Tuesday, 7 July 2026

The Road Ahead

Keir Starmer inspires righteous revulsion when he claims that his proudest achievement was the lifting of the two-child benefit cap, which finally happened two years after he had withdrawn the whip from seven MPs because they had voted for nothing more than such an amendment to the Humble Address, and when that amendment had been defeated, then they had voted with the Government.

But when Starmer suggests that the Labour victories of 1945, 1997 and 2024 had been the only three ever, then he does not mean anything by it. He is just ignorant. Although, if anything, that is even worse. So much for all those years on the Executive Committee of the Fabian Society, which published his epoch-making 2021 programme, The Road Ahead. No, nor have I. And no, nor will I.

I always laugh when Hard Rightists go off about the Fabians. They cannot possibly have met any. It is not to that source that we must trace Andy Burnham's desire to ban Virtual Private Networks, or the present Government's plan to force YouTube to promote its trusted news sources, which if they had any self-respect would be affronted at the suggestion that they were trusted by the Government.

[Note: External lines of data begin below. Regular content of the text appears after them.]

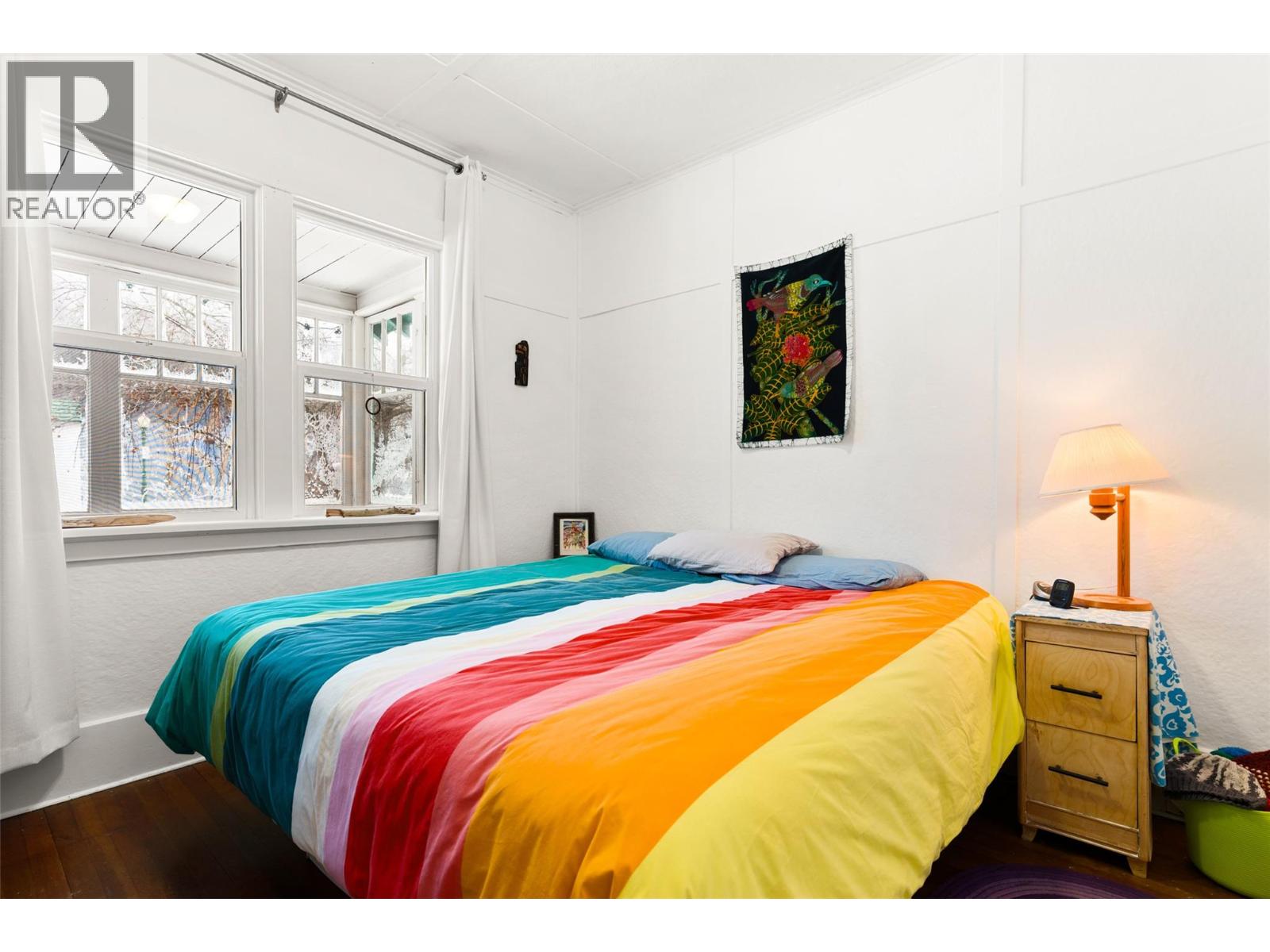 517 Second Street W, Revelstoke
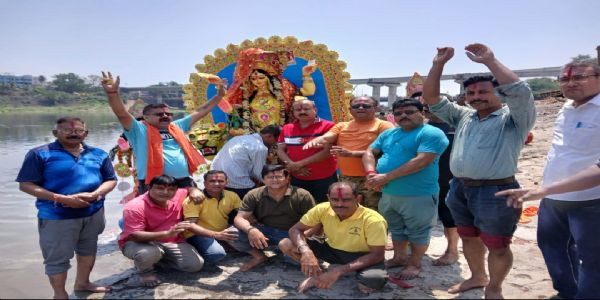 श्रद्धा और उल्लास के साथ स्वर्णरेखा घाट में मां बाघेश्वरी की प्रतिमा विसर्जित, सिंदूर खेला में झूमीं महिलाएं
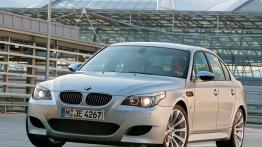 BMW Seria 5 E60 M5 Sedan 5.0 V10 507KM 373kW 2005-2010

If YouTube and other such sites promoted the BBC, then should you not have to pay the licence fee to access them, with no escape since you could not have a VPN? If Twitter is so bad that Lisa Nandy, a close ally and a constituency neighbour of Burnham's, has to withdraw from it not only herself but also her Department of State, the one responsible for media regulation, then why not ban it altogether? Watch those spaces. You will soon be able to watch little or nothing else. Otherwise you might realise that, for example, what was presently going on in Iran was not merely an obsequy comparable to that of Ms Diana Spencer, but very probably the largest gathering in human history. There was never going to be a counterrevolution in Iran.

The European Court of Justice has just outlawed even private, non-commercial reproduction of any content, even football scores or weather reports, from RT or Sputnik, and this is one of the many areas in which Britain has never really quite left the EU. Off our own bat, we are enacting the National Security (State Threats) Bill, which would imprison journalists who had so much as reported figures published by countries on the naughty step, possibly including even the China that we allowed to buy pretty much anything it wanted, even schools. And we are set to hand over a major piece of our cultural infrastructure to the foreign behemoth that is Comcast. Talk about a satellite state.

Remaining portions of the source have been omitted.